**YOUR GOAL**. Lines before the one containing "50Pcs Halloween Cartoon" are to be left out; reproduce that line and all the rest of the entries exactly.

_ _ _ _

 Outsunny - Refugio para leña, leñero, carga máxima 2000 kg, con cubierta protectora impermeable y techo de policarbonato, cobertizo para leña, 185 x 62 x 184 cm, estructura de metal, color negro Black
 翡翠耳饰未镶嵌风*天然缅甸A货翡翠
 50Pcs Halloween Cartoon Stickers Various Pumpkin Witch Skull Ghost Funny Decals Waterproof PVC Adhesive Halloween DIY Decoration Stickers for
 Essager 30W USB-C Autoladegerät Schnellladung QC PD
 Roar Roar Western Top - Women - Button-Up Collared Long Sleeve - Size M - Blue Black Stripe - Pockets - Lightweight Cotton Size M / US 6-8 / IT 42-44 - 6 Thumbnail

_ _ _ _

**SOLUTION**.
 50Pcs Halloween Cartoon Stickers Various Pumpkin Witch Skull Ghost Funny Decals Waterproof PVC Adhesive Halloween DIY Decoration Stickers for
 Essager 30W USB-C Autoladegerät Schnellladung QC PD
 Roar Roar Western Top - Women - Button-Up Collared Long Sleeve - Size M - Blue Black Stripe - Pockets - Lightweight Cotton Size M / US 6-8 / IT 42-44 - 6 Thumbnail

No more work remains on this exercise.